Other Countries Make Social Security Work
May 19, 1997
The American Social Security System would be well served to model similar systems in Chile, Australia, Great Britain, and dozens of other countries that are turning toward privatization to build secure futures for their citizens, economists observe.
- Chile became the first country in the Western hemisphere to establish a government run pension system.
- Strapped with skyrocketing liabilities and no way to pay for future public pension benefits, Chile established mandatory private savings in 1981.
- Chile's system now runs a budget surplus, with average annual growth rates of 7 percent, and is producing retirement incomes averaging 70 percent of pre-retirement incomes, latest figures show.
Australia began a mandatory system of private pensions in 1992.
- When fully implemented, workers are to contribute 12 percent of income (less than in the U.S.) to their retirement fund.
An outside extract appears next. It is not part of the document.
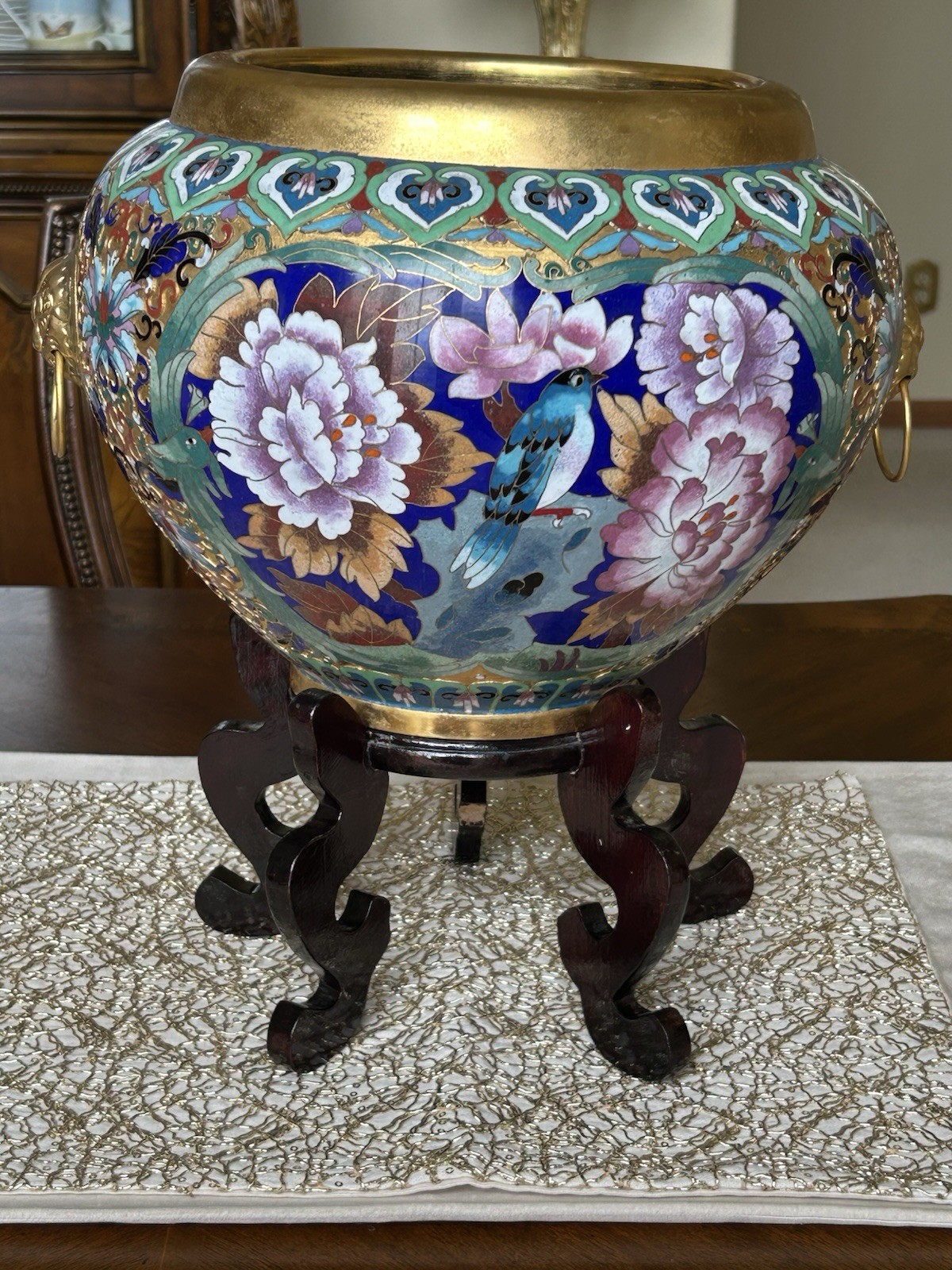 Chinese Cloisonné Planter Flower Pot Peonies Birds Lion Head Accent Brass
- The funds are projected by economists to provide retirees 79 percent to 106 percent of their pre-retirement income -- for many more income than when they worked.
- Figures show that after five years, the average Australian has U.S. $30,000 in his or her pension account.
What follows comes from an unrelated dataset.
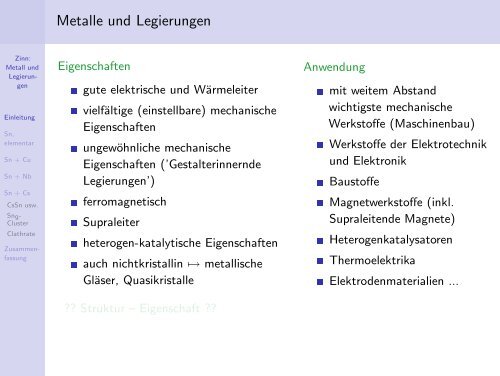 Metall und Legierungen - Anorganische Chemie, AK Röhr, Freiburg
- In addition, Australia (like Chile) provides a minimum "safety-net" pension for the working poor.
Great Britain in the mid-1980s established a retirement option where workers may choose between additional government benefits or a private savings plan. Today, more than 70 percent of eligible British workers opt for private pensions in exchange for a tax cut of 4.8 percentage points.
In contrast, latest data shows the average American family pays $7,000 per year in Social Security taxes for a modest return, estimated at a mere 2.2 percent for those born in 1950.